What you should do: Please write out all the data that follows exactly, without the pictures.

Information shown:
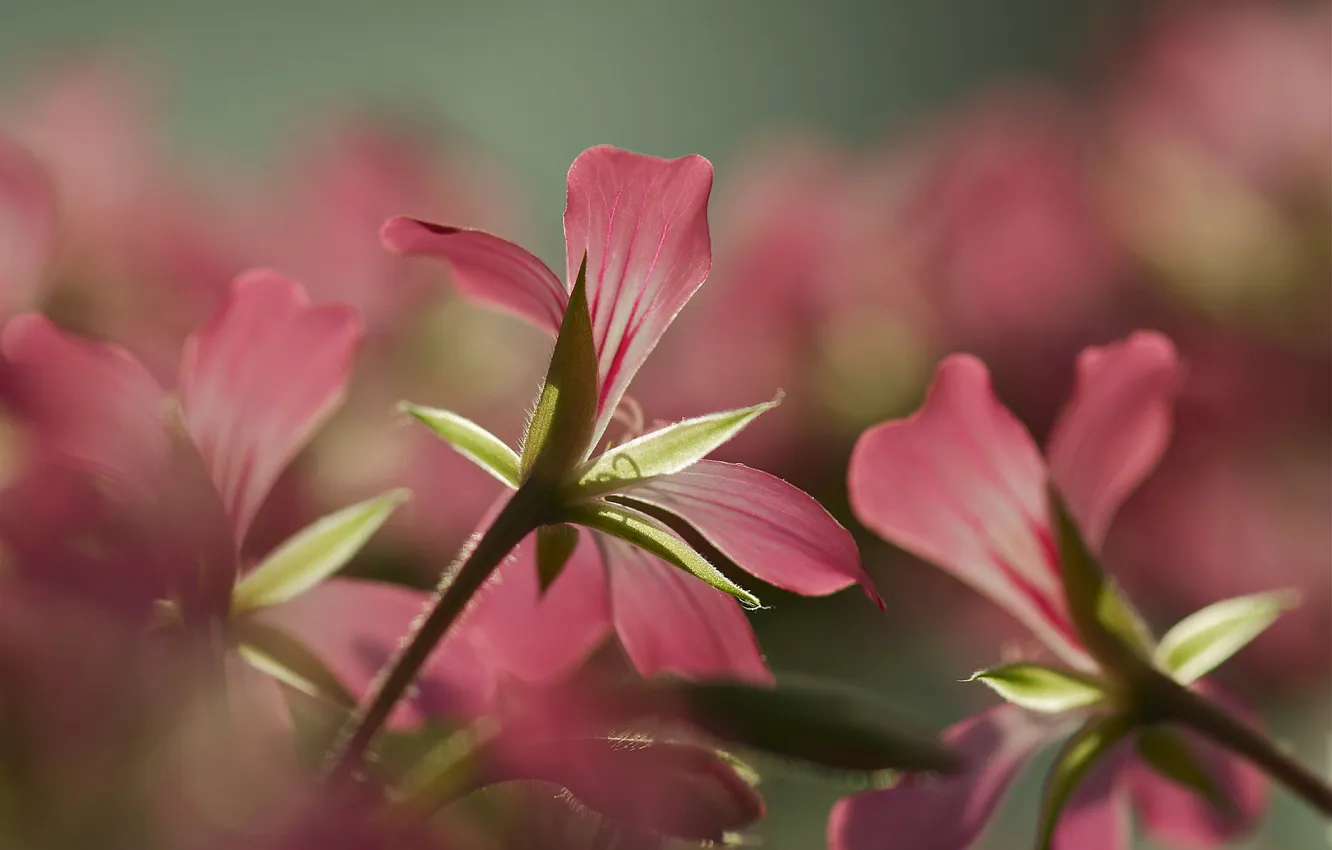 Photo wallpaper flowers, background, blur, lighting, pink
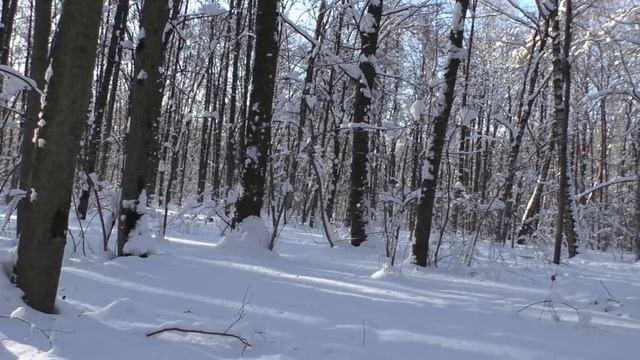 Стихи. Преображение светом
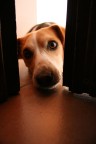 Il mio cane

Exercise response:
 Photo wallpaper flowers, background, blur, lighting, pink
 Стихи. Преображение светом
 Il mio cane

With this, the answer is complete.